We continued the Junior Bok tours to the Argentine through to the early 70's

My coach at Grey High was Giepie Wentzel who toured Argentine as a fly half. He told me about how every Argentinian rugby club has pictures of Van Heerden and Danie Craven on prominent display. Yes we have developed a nation far more than NZ has done for Japan. And BTW Sa players were playing and coaching in Japan long before the Kiwis arrived. Fourie du Preez and many others were playing there 15 years ago.


"Isaac Van Heerden's reputation as an innovative coach had spread to Argentina, and he was invited to Buenos Aires to help the Pumas prepare for their first visit to South Africa in 1965.[1][2] Despite Argentina faring badly in this tour,[2] it was the start of a long and happy relationship between Van Heerden and the Pumas. Izak van Heerden took leave from his teaching post in Durban, relocated to Argentina, learnt fluent Spanish, and would revolutionise Argentine play in the late 1960s, laying the way open for great players such as Hugo Porta.[1][2] Van Heerden virtually invented the "tight loose" form of play, an area in which the Argentines would come to excel, and which would become a hallmark of their playing style. The Pumas repaid the initial debt, by beating the Junior Springboks at Ellis Park, and emerged as one of the better modern rugby nations, thanks largely to the talents of this Durban schoolmaster.[1]"

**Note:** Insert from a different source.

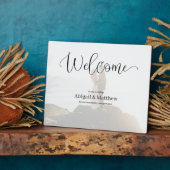 Welkom bij ons gratis telefoonnummer voor bruiloft fotoplaat (Zijkant)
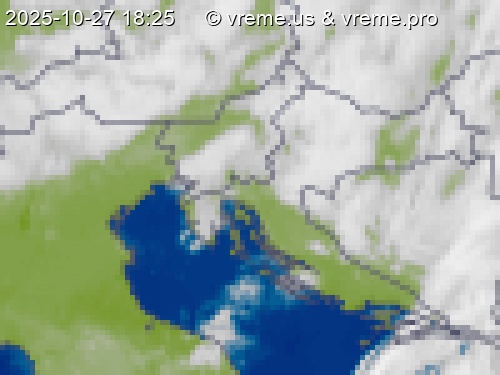 Oblačnost Slovenija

After the promise made by Junior Springbok manager JF Louw at the end of a 12-game tour to Argentina in 1959 – ‘I will do everything to ensure we invite you to tour our country’ – there were concerns about the strength of Argentinian rugby. South African Rugby Board president Danie Craven sent coach Izak van Heerden to help the Pumas prepare and they repaid the favour by beating the Junior Springboks at Ellis Park.